Full text search in your Data: How you can do better than Elasticsearch(blog.algolia.com) |
Full text search in your Data: How you can do better than Elasticsearch(blog.algolia.com) |
This is a false statement,
http://www.elasticsearch.org/guide/reference/query-dsl/custo...
This combined with scripts give you unlimited possibilities to alter you score based on whatever you please. The syntax is a bit wonky in the current version perhaps but awesomeness is on the way:
https://github.com/elasticsearch/elasticsearch/issues/3423
"Unfortunately Elasticsearch fuzzy matching does not work out of the box, is complex to customize, and does not provide the ability to highlight prefixes."
There are more ways to catch typo's then fuzzy and levensteins, ngrams for instance. Elasticsearch allows you to do both but yes its true you have to know your way around analyzers/tokenizers and mapping a little bit to get the best results in elasticsearch. If you use the ngrams approach highlighting also works alot better.
"This sorting configuration might seem pretty explicit, but it is in fact quite dangerous as it conflicts with the boost on fields. To better understand the problem, let’s look at the query ‘the rains’:"
Its true sorting trumps boosting, but given the assumption you cannot alter _score this whole section seems contrived.

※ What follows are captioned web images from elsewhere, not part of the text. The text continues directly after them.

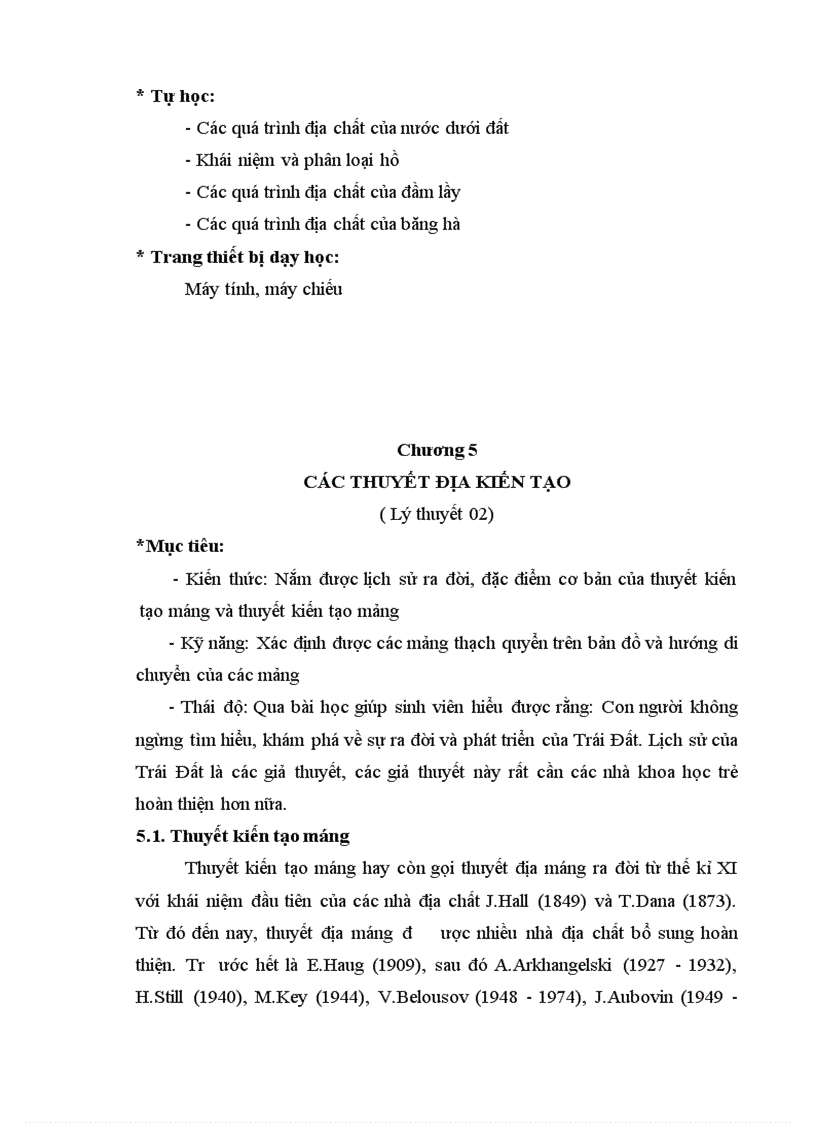 image for page Địa chất học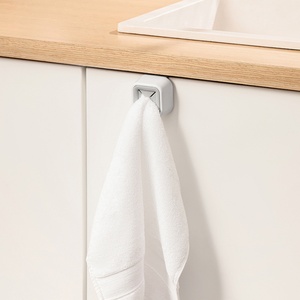 Single-Tier Household Organizer Plug <b>Wall</b> Hooks for Bathroom Bedroom Office Kitchen Towel <b>Storage</b> <b>Rack</b> Bag Holder Accessory - Product Image 4
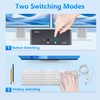 KVM Switch 3 Monitors 2 Computers, HDMI 4K@60Hz KVM Switch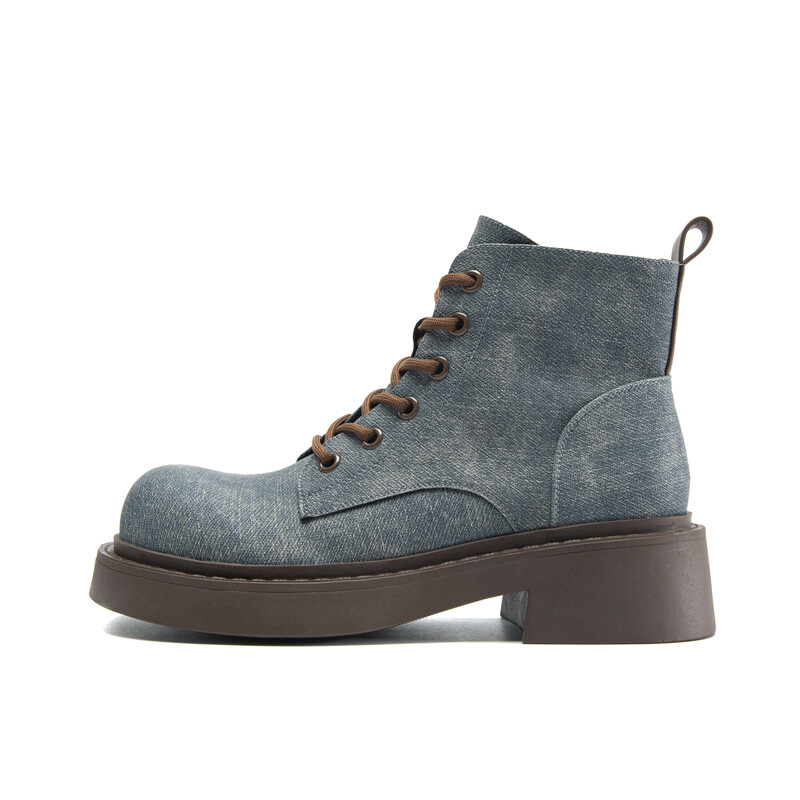 

Ботинки Martin Boot женские Zhr, цвет Denim Blue [Single Lane]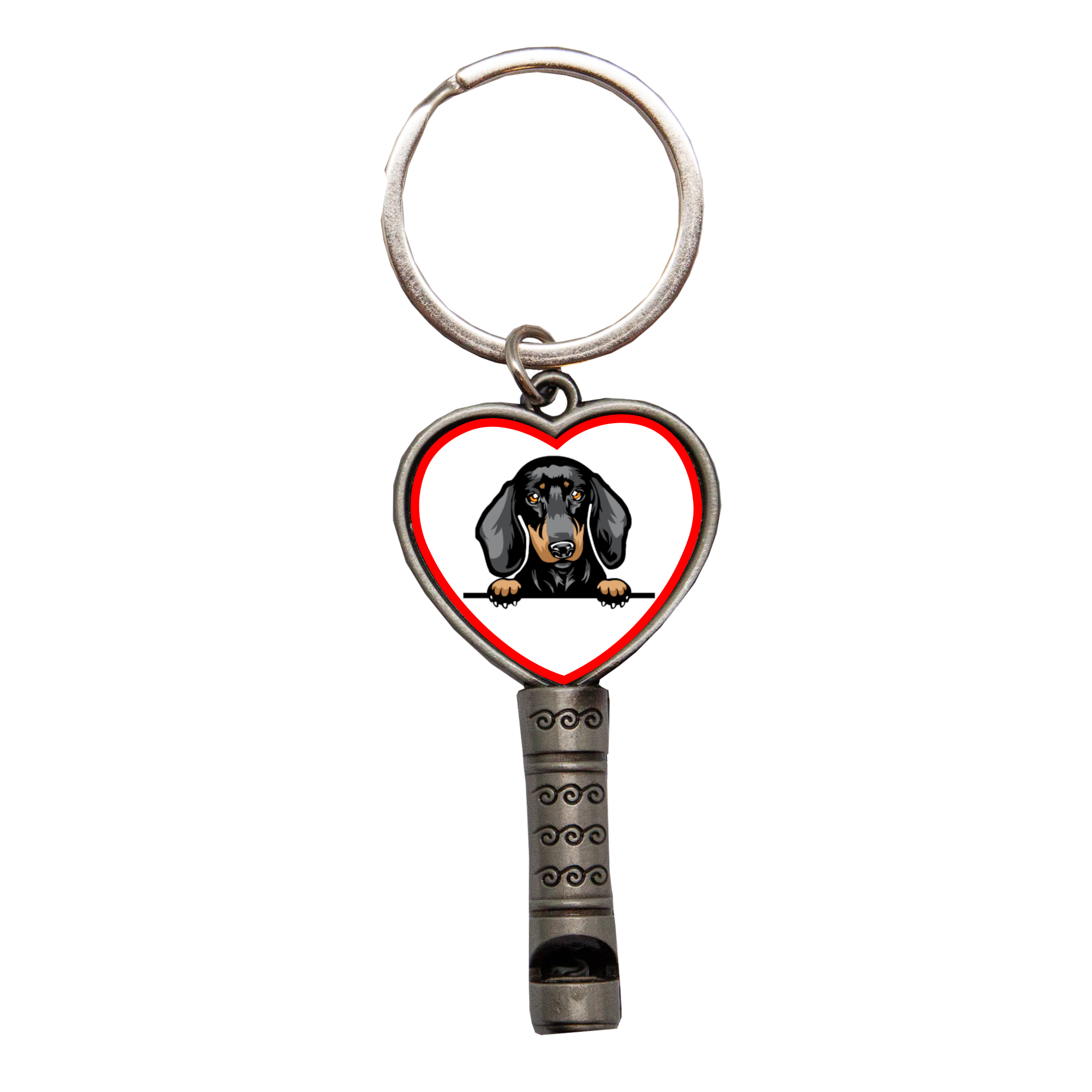 Set plecháček, podtácek, přívěšek motiv Jezevčík dlouhé uši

In the instant search section they use elasticsearch's querstring query to search for `world w*` this is indeed a very slow way since it will generate a wildcard query in the background they probably should have written the query using a phrase prefix query.
1) You are right that it is possible to mix both popularity and relevance, but you need to use boost and store everything in the float _score. This is dangerous and has side effects (for example you have a big risk of obtaining at some point a hit with typos before an exact one). It is really difficult to control ranking with boosts.
2) The ngrams approach is indeed an alternative. But it also has major drawbacks in term of relevance, mainly for the proximity between terms.
3) Phrase query is a good way to improve performance but it breaks user experience if the terms are not close together (these hits are not in the search results). It's better to let the proximity do its job and impact the ranking.